Comment notre corps réagit quand on est amoureux

L'amour est un sentiment puissant qui peut témoigner d'un lien fort, d'une affection mutuelle et d'une relation saine entre deux personnes. Bien que l'amour puisse paraître un phénomène nébuleux, être amoureux entraîne des changements concrets dans le cerveau et le corps. En plus de nous procurer bonheur, enthousiasme et confiance, l'amour peut améliorer notre santé, apaiser nos souffrances et renforcer notre confiance en autrui. Nous allons aborder ci-dessous les effets physiques, mentaux et émotionnels de l'amour.

Un excellent moyen de savoir si quelqu'un est attiré par vous est de regarder dans ses yeux et d'observer si ses pupilles se dilatent. Il s'agit d'une action involontaire déclenchée par le système nerveux autonome. L'amour provoque la libération de neurotransmetteurs tels que l'adrénaline, la dopamine et la sérotonine, qui entraînent tous une dilatation des pupilles.

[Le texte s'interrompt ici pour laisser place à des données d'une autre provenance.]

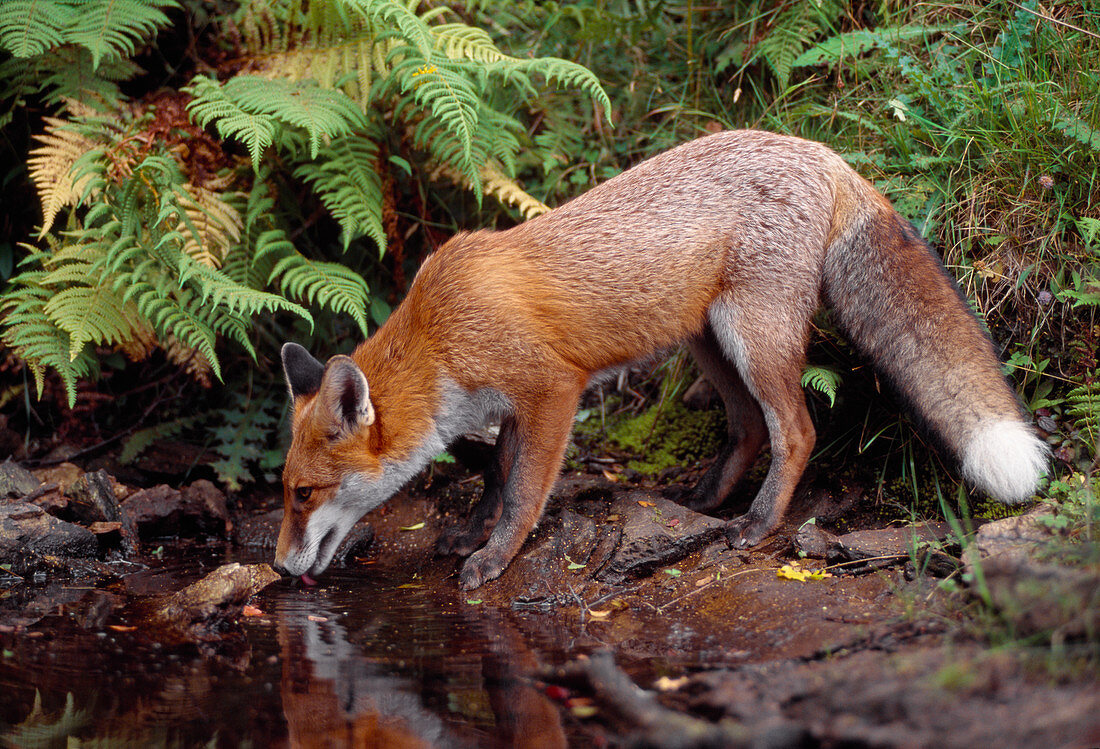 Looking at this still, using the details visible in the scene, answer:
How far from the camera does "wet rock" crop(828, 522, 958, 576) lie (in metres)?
3.78

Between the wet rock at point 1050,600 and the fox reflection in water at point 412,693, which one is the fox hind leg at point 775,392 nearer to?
the fox reflection in water at point 412,693

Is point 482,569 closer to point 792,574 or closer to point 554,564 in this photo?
point 554,564

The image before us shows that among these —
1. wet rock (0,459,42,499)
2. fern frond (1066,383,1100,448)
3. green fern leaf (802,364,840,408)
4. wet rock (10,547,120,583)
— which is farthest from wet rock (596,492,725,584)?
wet rock (0,459,42,499)

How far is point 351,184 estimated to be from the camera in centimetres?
550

Quand on est attiré par quelqu'un, on a tendance à rougir. C'est une réaction involontaire, déclenchée chez la femme par le système nerveux sympathique. Rougir est associé à la jeunesse et à la fertilité. Cela favorise également la reproduction et l'attirance. C'est peut-être pour cela que les femmes utilisent du fard à joues. Vous êtes-vous déjà demandé pourquoi un bon câlin nous réconforte parfois ? Pendant un câlin, l'hormone ocytocine est libérée. Elle favorise le lien affectif et l'intimité, procurant cette sensation de bien-être.

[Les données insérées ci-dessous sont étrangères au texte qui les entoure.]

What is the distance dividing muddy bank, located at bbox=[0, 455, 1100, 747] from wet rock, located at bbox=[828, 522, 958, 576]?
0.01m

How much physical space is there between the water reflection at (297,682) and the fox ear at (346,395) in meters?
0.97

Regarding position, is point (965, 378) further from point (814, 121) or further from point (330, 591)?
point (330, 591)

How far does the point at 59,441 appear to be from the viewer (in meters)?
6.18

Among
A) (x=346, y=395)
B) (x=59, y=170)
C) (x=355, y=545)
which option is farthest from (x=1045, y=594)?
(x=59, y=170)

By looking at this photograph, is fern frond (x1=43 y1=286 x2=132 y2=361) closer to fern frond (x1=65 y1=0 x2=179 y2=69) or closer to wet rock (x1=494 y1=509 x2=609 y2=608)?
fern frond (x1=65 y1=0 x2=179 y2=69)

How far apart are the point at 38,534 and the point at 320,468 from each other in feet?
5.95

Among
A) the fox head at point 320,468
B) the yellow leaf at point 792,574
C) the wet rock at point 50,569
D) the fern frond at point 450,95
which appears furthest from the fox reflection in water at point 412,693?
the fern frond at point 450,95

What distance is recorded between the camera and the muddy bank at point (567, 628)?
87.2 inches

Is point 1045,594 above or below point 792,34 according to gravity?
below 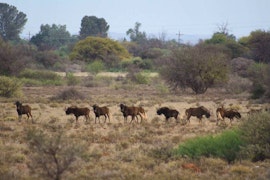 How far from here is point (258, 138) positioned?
14.3 meters

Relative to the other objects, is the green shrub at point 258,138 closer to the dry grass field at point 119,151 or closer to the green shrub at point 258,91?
the dry grass field at point 119,151

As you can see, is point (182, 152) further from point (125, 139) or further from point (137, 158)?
point (125, 139)

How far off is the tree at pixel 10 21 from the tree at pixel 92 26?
17138 mm

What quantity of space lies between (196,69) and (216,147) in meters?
32.0

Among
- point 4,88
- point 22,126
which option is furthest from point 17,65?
point 22,126

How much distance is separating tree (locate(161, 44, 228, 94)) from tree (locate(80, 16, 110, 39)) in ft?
323


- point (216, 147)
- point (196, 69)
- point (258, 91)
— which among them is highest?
point (196, 69)

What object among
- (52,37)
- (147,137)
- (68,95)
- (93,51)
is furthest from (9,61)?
(52,37)

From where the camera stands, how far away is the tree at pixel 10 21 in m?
142

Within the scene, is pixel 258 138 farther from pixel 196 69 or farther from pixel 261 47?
pixel 261 47

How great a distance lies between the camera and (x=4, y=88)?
1556 inches

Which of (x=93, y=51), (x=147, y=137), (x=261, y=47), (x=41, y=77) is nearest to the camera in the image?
(x=147, y=137)

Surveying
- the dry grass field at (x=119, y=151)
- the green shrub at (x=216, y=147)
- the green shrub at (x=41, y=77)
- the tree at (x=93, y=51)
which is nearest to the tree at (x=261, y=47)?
the tree at (x=93, y=51)

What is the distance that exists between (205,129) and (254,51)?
53583mm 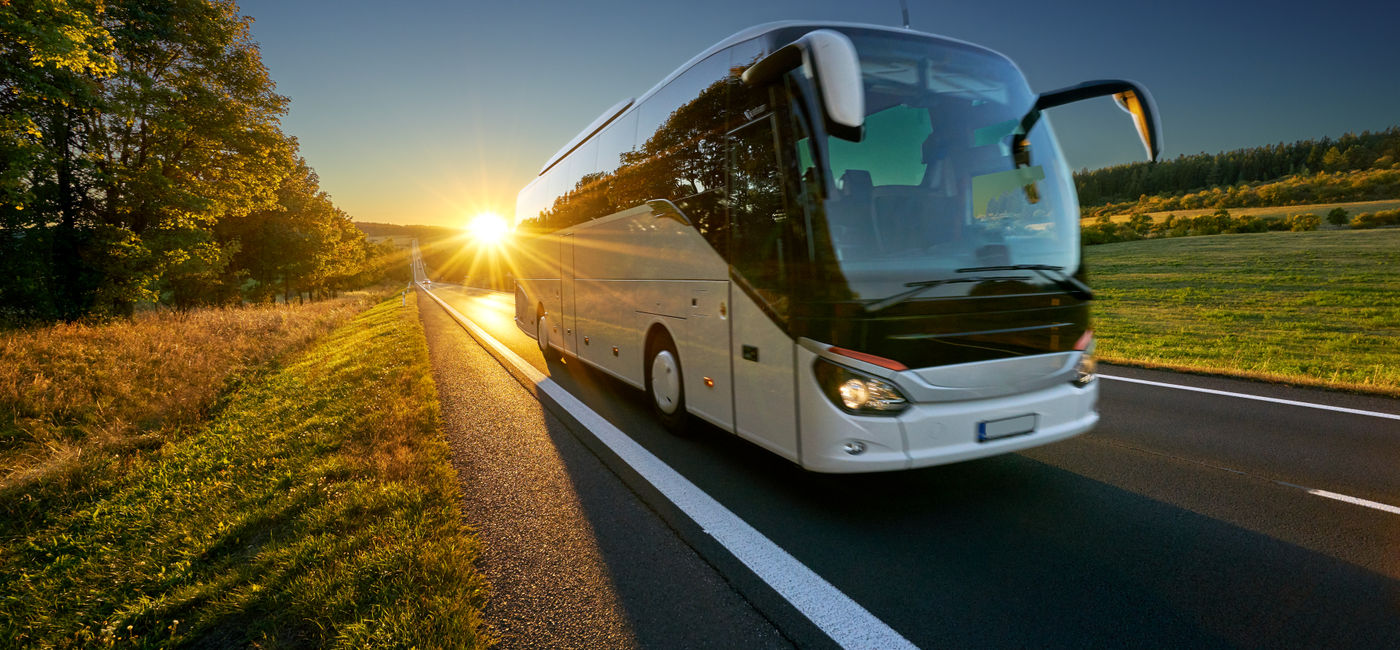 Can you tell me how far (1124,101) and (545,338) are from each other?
336 inches

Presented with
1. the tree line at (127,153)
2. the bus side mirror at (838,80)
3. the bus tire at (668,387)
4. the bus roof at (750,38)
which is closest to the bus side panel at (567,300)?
the bus roof at (750,38)

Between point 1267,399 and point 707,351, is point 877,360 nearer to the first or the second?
point 707,351

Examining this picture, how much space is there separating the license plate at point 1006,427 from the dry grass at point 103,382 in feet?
26.2

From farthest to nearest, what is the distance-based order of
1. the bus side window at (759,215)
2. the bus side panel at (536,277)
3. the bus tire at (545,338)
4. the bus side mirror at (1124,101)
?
the bus tire at (545,338)
the bus side panel at (536,277)
the bus side mirror at (1124,101)
the bus side window at (759,215)

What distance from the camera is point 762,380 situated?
3.97m

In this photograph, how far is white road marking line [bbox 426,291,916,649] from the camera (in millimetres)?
2486

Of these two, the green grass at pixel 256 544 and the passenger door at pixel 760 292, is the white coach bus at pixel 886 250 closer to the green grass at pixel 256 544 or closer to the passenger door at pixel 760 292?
the passenger door at pixel 760 292

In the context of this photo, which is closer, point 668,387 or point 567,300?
point 668,387

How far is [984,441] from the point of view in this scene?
3438 mm

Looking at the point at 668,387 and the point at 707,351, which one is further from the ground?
the point at 707,351

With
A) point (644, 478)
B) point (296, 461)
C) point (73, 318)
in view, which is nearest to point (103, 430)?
point (296, 461)

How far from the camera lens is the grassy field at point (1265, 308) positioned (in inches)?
328

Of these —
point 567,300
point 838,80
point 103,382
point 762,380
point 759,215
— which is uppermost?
point 838,80

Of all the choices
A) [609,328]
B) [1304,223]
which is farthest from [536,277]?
[1304,223] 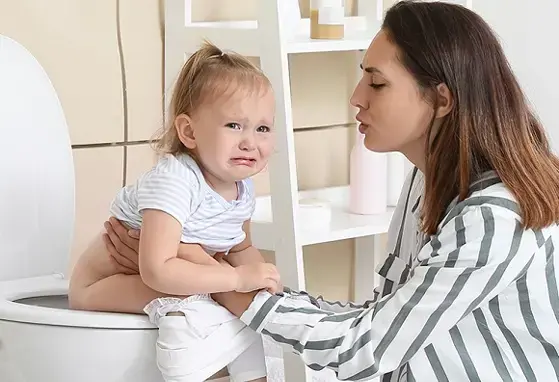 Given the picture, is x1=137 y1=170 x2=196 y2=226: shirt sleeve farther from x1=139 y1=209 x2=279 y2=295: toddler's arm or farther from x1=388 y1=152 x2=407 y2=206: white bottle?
x1=388 y1=152 x2=407 y2=206: white bottle

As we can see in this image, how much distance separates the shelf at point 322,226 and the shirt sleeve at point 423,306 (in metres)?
0.45

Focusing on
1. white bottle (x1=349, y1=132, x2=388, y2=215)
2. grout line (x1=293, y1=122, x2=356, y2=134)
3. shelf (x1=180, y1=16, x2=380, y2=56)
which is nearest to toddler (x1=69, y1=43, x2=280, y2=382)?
shelf (x1=180, y1=16, x2=380, y2=56)

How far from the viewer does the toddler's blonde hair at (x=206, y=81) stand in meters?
1.27

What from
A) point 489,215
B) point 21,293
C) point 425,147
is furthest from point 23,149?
point 489,215

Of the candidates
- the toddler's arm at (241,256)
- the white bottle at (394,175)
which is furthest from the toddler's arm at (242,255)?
the white bottle at (394,175)

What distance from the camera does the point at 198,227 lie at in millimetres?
1272

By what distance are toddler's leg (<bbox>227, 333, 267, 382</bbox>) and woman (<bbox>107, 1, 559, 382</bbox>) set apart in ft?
0.16

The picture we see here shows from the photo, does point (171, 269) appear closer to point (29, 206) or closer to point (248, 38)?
point (29, 206)

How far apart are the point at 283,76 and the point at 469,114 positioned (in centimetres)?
47

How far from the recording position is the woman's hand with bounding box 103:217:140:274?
4.30ft

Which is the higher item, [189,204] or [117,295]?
[189,204]

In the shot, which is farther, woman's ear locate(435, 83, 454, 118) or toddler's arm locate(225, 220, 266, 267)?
toddler's arm locate(225, 220, 266, 267)

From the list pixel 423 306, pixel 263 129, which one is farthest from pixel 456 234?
pixel 263 129

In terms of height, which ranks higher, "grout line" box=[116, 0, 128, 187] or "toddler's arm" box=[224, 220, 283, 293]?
"grout line" box=[116, 0, 128, 187] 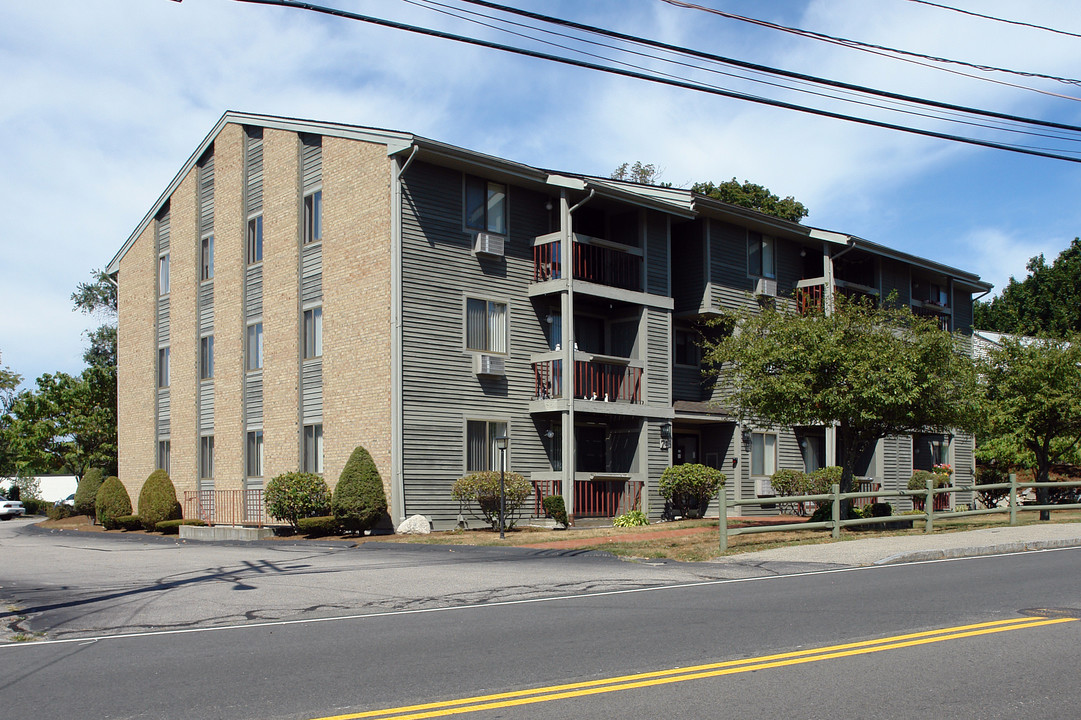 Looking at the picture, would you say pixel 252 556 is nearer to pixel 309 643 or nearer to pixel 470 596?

La phase initiale de coup de foudre et d'intense engouement dure plusieurs mois. La phase suivante se caractérise par une intimité, un engagement et un attachement accrus. Ces changements sont induits par les hormones oxytocine et vasopressine. L'oxytocine nous procure un sentiment de sécurité après la forte poussée initiale de cortisol et le stress lié à l'incertitude et aux risques inhérents au fait de tomber amoureux. La vasopressine, quant à elle, favorise les comportements de vigilance, de territorialité et d'autoprotection.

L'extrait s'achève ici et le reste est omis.